Collected data entries
"""
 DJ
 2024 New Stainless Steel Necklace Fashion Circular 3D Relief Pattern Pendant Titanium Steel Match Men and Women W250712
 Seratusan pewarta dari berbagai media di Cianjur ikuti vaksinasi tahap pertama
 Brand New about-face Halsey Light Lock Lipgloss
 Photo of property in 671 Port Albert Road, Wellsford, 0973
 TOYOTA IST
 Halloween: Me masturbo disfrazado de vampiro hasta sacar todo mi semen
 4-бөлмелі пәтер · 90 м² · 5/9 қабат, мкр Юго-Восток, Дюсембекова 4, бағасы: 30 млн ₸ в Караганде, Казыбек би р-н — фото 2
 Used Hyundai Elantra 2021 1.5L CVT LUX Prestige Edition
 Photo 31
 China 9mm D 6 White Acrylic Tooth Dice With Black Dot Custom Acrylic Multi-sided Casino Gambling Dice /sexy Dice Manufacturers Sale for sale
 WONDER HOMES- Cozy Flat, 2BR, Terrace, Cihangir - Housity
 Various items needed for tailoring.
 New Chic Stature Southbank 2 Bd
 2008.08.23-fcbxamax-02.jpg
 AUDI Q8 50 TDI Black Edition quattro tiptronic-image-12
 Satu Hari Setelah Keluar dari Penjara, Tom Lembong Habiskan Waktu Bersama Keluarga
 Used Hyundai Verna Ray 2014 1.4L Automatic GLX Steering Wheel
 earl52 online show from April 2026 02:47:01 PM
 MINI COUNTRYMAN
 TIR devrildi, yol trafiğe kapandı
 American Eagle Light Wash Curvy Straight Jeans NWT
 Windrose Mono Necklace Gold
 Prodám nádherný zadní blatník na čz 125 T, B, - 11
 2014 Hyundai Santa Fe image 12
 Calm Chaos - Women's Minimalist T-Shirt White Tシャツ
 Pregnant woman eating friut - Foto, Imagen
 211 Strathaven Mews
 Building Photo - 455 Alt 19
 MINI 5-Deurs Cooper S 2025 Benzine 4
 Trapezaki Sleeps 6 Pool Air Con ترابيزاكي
"""
§ **Problem to work on**
Quote all of the entries verbatim.

§ **Task output**
 DJ
 2024 New Stainless Steel Necklace Fashion Circular 3D Relief Pattern Pendant Titanium Steel Match Men and Women W250712
 Seratusan pewarta dari berbagai media di Cianjur ikuti vaksinasi tahap pertama
 Brand New about-face Halsey Light Lock Lipgloss
 Photo of property in 671 Port Albert Road, Wellsford, 0973
 TOYOTA IST
 Halloween: Me masturbo disfrazado de vampiro hasta sacar todo mi semen
 4-бөлмелі пәтер · 90 м² · 5/9 қабат, мкр Юго-Восток, Дюсембекова 4, бағасы: 30 млн ₸ в Караганде, Казыбек би р-н — фото 2
 Used Hyundai Elantra 2021 1.5L CVT LUX Prestige Edition
 Photo 31
 China 9mm D 6 White Acrylic Tooth Dice With Black Dot Custom Acrylic Multi-sided Casino Gambling Dice /sexy Dice Manufacturers Sale for sale
 WONDER HOMES- Cozy Flat, 2BR, Terrace, Cihangir - Housity
 Various items needed for tailoring.
 New Chic Stature Southbank 2 Bd
 2008.08.23-fcbxamax-02.jpg
 AUDI Q8 50 TDI Black Edition quattro tiptronic-image-12
 Satu Hari Setelah Keluar dari Penjara, Tom Lembong Habiskan Waktu Bersama Keluarga
 Used Hyundai Verna Ray 2014 1.4L Automatic GLX Steering Wheel
 earl52 online show from April 2026 02:47:01 PM
 MINI COUNTRYMAN
 TIR devrildi, yol trafiğe kapandı
 American Eagle Light Wash Curvy Straight Jeans NWT
 Windrose Mono Necklace Gold
 Prodám nádherný zadní blatník na čz 125 T, B, - 11
 2014 Hyundai Santa Fe image 12
 Calm Chaos - Women's Minimalist T-Shirt White Tシャツ
 Pregnant woman eating friut - Foto, Imagen
 211 Strathaven Mews
 Building Photo - 455 Alt 19
 MINI 5-Deurs Cooper S 2025 Benzine 4
 Trapezaki Sleeps 6 Pool Air Con ترابيزاكي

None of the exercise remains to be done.